Tuesday, September 2, 2008

History of PHP

PHP is the successor of PHP/FI that was developed by Rasmus Lerdorf. PHP/FI, or Personal Home Page / Forms Interpreter, had a simple set of Perl scripts and was used by Mr. Lerdorf for tracking accesses to his online resume.

Rasmus later incorporated a larger C implementation to PHP/FI when more functionality was required. He then released the source code of his product so that everybody could use it and anybody could fix the bugs in it.

By 1997, Rasmus incorporated more C implementation and thousands of users started using PHP/FI, with some of them even contributing small pieces of code.

Later in 1997, Andi Gutmans and Zeev Suraski claimed that PHP/FI was grossly inadequate for developing an eCommerce application for a University project they were working on.

The duo then began to completely re-write PHP/FI and several others contributed many extension modules to the write-up to come up with what Andi and Zeev called PHP3.0.
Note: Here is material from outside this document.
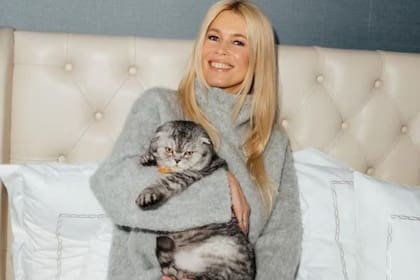 Claudia Schiffer sorprendió al acudir a la avant premier de Argylle: agente secreto con su gato Chip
After nine-months of testing, PHP3.0 was officially released in June 1998. Andi and Zeev also went on to announce PHP3.0 as the official successor of PHP/FI. PHP 3.0 was object-oriented and also provided a more consistent syntax structure.

Despite the huge success of PHP3.0, Andi and Zeev continued to re-write PHP’s core to improve PHP’s performance on complex applications. This was made possible with their newly developed “Zend Engine”.

In 1999, Andi Gutmans and Zeev Suraski together founded California-headquartered, Zend Technologies Ltd.

Officially released in May, 2000, PHP4.0 was based on the “Zend Engine”. PHP 4.0 supported more web servers than its predecessors and provided a more secure way of handling user input. PHP 4.0 is no longer under active development.

PHP 5 was released in July 2004 and had many enhancements including improved support for object-oriented programming.

PHP 6 is currently under development and is likely to be released with some major changes.